久保忠郎(畠山国清) 佐々木正明(越智伊賀守)  渡辺博貴(後村上天皇)
蓮見領(大友氏時) 舟久保信之(阿蘇惟時)  美里ルイ(女官)
片岡たか志(急使) 中川歩・木村幸人(近習)  中村麻沙希(重臣)
山浦栄・村添豊徳・須藤芳雄(重臣) 苑村美月(直冬の花嫁)
   
若駒スタントグループ クサマライディングクラブ
ジャパンアクションクラブ 早川プロ 園田塾 劇団ひまわり 劇団いろは

陣内孝則(佐々木道誉)

原田美枝子(阿野廉子)

近藤正臣(北畠親房)



◎スタッフ◎

○制作:一柳邦久○美術:稲葉一寿○技術:小林稔○音響効果:加藤宏○撮影:川邨亮○照明:大西純夫○音声:大塚茂夫○記録・編集:津崎昭子 



◇本編内容◇

 九州へ逃れた足利直冬は九州の土豪たちの支援を受けて挙兵した。
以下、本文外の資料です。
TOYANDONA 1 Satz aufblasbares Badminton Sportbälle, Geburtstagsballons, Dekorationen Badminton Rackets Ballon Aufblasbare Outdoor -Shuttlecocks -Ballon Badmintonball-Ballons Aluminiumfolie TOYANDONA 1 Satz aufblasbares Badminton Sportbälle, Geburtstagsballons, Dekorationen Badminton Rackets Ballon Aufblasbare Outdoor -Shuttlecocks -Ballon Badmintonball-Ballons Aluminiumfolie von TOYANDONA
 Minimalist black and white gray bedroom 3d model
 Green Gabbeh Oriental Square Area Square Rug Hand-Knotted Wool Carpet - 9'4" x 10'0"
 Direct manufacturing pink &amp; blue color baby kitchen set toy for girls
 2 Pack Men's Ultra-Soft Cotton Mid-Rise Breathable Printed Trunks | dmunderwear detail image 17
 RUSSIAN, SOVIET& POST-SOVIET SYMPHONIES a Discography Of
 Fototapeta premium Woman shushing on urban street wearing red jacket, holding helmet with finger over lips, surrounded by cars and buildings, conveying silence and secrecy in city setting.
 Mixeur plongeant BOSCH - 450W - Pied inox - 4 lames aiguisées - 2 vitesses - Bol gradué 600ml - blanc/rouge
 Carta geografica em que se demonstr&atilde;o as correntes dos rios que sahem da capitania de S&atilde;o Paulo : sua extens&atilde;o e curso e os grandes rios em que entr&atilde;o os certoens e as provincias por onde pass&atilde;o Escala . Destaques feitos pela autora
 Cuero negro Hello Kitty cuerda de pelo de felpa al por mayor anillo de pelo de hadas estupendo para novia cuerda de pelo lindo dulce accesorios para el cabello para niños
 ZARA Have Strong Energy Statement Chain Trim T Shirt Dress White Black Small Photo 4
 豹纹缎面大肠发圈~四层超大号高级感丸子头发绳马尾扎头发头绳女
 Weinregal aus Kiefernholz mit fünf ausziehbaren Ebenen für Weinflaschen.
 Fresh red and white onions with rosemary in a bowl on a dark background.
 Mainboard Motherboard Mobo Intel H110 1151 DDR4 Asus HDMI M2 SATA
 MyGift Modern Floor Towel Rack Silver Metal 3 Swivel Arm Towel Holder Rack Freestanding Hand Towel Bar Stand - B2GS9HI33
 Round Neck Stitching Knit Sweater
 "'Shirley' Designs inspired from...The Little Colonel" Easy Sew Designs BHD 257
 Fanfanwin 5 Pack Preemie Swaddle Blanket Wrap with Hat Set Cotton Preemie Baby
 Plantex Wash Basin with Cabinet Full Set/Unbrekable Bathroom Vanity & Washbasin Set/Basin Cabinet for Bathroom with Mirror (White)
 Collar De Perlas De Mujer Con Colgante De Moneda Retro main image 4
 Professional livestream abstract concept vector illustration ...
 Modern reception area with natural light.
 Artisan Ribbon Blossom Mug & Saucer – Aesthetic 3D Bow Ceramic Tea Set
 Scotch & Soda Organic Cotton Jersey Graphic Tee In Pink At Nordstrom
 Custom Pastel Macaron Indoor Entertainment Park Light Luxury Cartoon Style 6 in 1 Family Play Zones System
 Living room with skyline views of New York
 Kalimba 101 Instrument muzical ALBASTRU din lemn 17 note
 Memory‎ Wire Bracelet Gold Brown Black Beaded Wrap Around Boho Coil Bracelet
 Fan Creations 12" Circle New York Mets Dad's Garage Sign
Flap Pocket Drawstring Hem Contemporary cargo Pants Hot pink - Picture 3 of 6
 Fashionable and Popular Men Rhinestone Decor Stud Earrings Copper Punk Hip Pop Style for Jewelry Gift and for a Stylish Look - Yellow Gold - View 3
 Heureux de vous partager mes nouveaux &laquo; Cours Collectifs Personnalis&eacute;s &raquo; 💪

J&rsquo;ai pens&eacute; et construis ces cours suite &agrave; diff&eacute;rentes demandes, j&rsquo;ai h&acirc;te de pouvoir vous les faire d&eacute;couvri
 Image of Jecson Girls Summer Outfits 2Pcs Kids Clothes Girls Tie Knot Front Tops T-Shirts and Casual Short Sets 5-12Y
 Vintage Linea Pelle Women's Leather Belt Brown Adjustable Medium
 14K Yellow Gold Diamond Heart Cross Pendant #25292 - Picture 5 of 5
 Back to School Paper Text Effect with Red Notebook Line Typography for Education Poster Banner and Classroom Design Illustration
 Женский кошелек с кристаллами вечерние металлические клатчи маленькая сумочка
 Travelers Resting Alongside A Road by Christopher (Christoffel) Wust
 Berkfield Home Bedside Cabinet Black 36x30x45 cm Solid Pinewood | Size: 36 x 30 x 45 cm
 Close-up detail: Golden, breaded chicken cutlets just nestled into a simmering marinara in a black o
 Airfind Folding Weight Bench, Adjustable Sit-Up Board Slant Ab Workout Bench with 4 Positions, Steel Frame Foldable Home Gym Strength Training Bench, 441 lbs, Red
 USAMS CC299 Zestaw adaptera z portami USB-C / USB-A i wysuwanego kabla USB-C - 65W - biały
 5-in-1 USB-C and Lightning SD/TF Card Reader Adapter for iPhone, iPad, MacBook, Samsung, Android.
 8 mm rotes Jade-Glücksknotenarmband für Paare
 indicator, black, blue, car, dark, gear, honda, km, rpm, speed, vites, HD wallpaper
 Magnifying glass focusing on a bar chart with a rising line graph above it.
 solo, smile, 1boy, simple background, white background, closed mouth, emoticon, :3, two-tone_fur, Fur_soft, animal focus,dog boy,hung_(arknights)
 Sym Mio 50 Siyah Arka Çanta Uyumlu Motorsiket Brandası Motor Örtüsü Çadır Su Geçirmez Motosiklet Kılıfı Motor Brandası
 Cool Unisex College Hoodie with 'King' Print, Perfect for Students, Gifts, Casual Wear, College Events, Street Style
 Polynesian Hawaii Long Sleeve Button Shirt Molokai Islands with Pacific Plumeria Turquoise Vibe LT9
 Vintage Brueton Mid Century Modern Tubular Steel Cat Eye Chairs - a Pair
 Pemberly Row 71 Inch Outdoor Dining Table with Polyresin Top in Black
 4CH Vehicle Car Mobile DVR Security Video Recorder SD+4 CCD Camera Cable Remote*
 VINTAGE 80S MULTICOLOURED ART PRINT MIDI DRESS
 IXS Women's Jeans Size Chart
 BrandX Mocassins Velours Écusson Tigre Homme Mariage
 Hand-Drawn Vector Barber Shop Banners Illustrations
その勢いは中国地方でもこれに呼応する者が出るほどであった。
 観応元年6月、事態を重く見た幕府では直冬討伐軍の派遣が決まり、高師泰が石見への出陣を自ら買って出る。しかし全ては 高師直と師泰らが勝手に決めてしまい、幕府の政治を預かっているはずの義詮には一言の相談も無く、決定後に事後承諾だけ取りに来たのであった。義詮は不満を感じながらもそれを受け入れるしかない。
 「義詮の沙汰にしては目の付け所がよいわ」と師直から師泰派遣決定を聞いた尊氏は感心するが、師直はこれが兄・師泰の主導で決まったことを尊氏に明かし、鎌倉暮らしの長かった義詮にはまだ全般を任せるわけにはいかないと言う。そして失脚した直義派の 桃井直常斯波高経らが地方で不穏な動きを見せていることに触れて、これが 直義と連絡をとったものとしか考えられないと言って、師直は直義の処分を尊氏に求めた。尊氏は「直義は出家遁世の身、そんなはずはない」と聞く耳をもたない。 「そは思わぬ仰せ。将軍は御舎弟の出家を真に受けておられますのか?」と言って師直は直義が陰謀をめぐらせていることは間違いないと訴え「いまのうちにその芽を摘むことが肝要でございましょう」と鋭い目で尊氏に迫る。「師直!何を申したか、そなた分かっておるのか?」と思わず声をあげる尊氏に、「はい」とすまして答える師直。 「兄弟であれ親子であれ、天下を争うのにそれが何ほどのくさびとなりましょうや?」師直はなおも訴えるが、尊氏は「さようなことは断じてさせぬ」と断言した。
 そこへ佐々木道誉がやって来て登子 から「義詮を頼む」としつこく言われて参っていると笑いながら尊氏に言う。入れ替わりに退出しようとした師直に、尊氏は「義詮のもとへの出仕を控えてくれ」と命じた。首をかしげる師直に、尊氏は義詮を後継者として育てるためにも一人でやらせるようにしたいのだと説明した。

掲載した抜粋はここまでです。